I think they call someone like me a “pantser”. That is because I do go along for the ride and “fly by the seat of my pants”. I outline the book after I’m done. I mean, I do have a potential ending in sight when I start, but, like some of those remodeling jobs I have done in the past, I never know what to expect. I might tear out a wall and, lo and behold, there are plumbing pipes staring at me. Where did they come from? You don’t want them there but you cannot get rid of them so–you adapt and change things. Consequently, as I write things become clearer and clearer, and anticipating problems and glitches happens more quickly.
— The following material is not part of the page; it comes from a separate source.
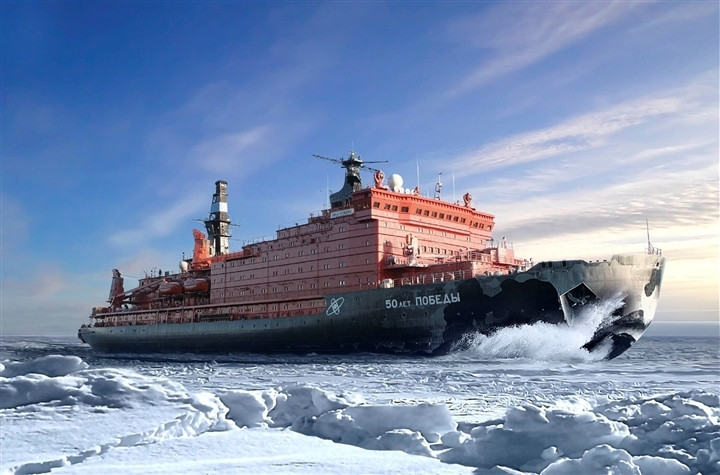 Chuyên gia Mỹ điểm danh loạt vũ khí tối tân giúp Nga thống trị Bắc Cực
Ultimately, I outline when I’m finished. I understand that, according to all the “poohbahs” out there, I am doing it all wrong. Well, my goal is to get to the finish line. For me, getting there is all that counts. If I fall down ten times, bust myself up and wind up bloodied in the process, I don’t care. Look, I am probably the type of writer you do not want to emulate. But, when all is said and done, we must march to the beat of our own drum and I have always had a hard time keeping in step with the beat.
April 2, 2012
Having said all of that I now admit that I experienced an enhanced range of rolling emotions when "The Priest and The Peaches" launched. "Slippery Willie's Stupid, Ugly Shoes", my first published book and a children's book, was introduced in January of 2011. That provided an emotional ride but this time, well, this is a novel and I am being tossed about by unpredictable waves of feelings. There is a personal pride in the work accompanied by a sense of accomplishment. There are feelings of excitement knowing you can say you are an author. There is definitely a deep sense of gratitude and appreciation for those who encouraged and supported me (especially my wife, Marty, and Nicole Langan at Tribute Books). Finally, and this is the under-tow or mini tsunami coming the other way, there is a nagging feeling of insecurity that keeps whispering in my ear, "You wrote a book?---you gotta be kidding". Once I get that "whisperer" to shut up I'll be "good to go".